TASK TO COMPLETE
Go line by line through the data below and count those with the string "Trekhaak". Give the number only.

RECORDS SUPPLIED
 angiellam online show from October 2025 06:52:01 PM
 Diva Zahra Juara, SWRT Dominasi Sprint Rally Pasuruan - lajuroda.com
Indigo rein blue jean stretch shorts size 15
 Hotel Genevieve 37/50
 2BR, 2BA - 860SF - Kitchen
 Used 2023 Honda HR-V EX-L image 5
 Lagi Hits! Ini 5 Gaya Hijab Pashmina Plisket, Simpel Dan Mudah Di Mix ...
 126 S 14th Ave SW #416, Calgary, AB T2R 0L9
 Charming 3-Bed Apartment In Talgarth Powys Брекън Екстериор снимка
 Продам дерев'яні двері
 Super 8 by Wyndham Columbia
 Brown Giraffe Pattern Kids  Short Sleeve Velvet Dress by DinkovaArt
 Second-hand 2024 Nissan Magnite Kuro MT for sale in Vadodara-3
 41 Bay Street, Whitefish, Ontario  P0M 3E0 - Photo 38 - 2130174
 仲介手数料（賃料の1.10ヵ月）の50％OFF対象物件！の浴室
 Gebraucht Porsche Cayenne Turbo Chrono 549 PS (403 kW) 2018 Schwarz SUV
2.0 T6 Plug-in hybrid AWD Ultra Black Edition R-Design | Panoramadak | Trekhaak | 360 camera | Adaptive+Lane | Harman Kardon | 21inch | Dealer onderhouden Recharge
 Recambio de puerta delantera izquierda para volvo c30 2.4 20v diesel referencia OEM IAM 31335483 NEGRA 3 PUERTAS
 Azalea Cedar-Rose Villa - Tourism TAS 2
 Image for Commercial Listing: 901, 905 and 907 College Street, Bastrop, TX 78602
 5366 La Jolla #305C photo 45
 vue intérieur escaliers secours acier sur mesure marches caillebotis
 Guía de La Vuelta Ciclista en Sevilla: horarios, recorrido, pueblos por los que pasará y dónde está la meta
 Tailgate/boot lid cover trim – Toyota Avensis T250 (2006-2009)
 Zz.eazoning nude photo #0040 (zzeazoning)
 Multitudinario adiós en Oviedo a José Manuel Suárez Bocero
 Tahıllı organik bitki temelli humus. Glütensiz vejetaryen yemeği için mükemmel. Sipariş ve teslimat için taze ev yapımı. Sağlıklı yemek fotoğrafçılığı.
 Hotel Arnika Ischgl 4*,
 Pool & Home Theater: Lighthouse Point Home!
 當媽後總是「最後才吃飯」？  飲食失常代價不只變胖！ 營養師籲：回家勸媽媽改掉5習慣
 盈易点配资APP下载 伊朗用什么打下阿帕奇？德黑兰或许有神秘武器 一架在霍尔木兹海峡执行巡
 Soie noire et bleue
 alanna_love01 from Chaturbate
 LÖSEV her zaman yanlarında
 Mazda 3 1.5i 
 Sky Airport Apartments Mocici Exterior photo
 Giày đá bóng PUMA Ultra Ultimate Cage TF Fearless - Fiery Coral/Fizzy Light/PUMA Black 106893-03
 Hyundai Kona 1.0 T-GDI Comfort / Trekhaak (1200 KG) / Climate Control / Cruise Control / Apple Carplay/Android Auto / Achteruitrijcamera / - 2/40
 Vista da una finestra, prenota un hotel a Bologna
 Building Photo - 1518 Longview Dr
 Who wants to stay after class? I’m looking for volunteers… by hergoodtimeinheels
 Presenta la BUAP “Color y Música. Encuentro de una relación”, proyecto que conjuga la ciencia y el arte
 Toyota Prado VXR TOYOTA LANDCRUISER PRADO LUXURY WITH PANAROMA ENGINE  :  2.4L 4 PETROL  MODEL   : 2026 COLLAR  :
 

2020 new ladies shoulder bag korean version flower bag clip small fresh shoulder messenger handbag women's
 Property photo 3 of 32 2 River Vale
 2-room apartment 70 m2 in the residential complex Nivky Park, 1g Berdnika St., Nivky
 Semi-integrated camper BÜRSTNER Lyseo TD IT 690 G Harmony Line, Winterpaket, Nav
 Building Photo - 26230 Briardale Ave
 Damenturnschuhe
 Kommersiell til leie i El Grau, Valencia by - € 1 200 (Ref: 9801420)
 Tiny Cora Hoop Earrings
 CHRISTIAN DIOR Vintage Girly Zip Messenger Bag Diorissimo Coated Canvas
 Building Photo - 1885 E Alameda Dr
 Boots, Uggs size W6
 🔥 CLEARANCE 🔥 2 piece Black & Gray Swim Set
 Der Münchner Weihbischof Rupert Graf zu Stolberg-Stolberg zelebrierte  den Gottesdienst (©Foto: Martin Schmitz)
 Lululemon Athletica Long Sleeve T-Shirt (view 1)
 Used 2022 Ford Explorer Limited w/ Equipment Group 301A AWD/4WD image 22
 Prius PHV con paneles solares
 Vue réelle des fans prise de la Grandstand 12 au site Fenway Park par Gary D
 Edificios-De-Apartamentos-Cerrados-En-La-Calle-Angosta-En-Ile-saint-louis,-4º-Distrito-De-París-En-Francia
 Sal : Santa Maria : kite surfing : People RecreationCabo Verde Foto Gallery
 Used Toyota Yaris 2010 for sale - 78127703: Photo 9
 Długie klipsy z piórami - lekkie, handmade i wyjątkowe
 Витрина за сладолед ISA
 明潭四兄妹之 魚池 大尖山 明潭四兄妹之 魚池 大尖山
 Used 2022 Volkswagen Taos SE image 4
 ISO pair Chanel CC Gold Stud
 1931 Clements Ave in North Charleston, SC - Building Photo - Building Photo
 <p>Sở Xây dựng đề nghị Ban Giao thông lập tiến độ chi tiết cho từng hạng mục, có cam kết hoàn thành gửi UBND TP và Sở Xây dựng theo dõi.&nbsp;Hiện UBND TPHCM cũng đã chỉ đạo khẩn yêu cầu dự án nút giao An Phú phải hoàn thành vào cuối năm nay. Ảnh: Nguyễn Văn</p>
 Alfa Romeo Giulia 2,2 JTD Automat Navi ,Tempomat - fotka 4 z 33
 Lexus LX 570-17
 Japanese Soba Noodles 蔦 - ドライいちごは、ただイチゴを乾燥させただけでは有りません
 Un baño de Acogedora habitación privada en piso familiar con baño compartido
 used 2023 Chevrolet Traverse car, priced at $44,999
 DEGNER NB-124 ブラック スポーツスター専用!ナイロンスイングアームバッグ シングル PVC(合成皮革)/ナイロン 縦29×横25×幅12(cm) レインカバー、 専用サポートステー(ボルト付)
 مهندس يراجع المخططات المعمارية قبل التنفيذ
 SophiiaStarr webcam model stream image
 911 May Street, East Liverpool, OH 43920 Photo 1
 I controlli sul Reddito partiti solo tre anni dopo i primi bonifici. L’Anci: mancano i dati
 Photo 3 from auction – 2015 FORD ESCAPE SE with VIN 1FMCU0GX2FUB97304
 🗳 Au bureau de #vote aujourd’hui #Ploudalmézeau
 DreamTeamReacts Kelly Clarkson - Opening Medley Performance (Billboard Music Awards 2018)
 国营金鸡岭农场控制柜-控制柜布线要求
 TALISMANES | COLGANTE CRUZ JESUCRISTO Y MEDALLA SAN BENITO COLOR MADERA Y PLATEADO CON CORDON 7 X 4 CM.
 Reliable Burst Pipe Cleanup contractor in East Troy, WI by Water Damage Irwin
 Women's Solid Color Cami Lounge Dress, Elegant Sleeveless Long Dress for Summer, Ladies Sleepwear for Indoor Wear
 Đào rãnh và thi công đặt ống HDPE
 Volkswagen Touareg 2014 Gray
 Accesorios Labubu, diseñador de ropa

RESPONSE BOX
2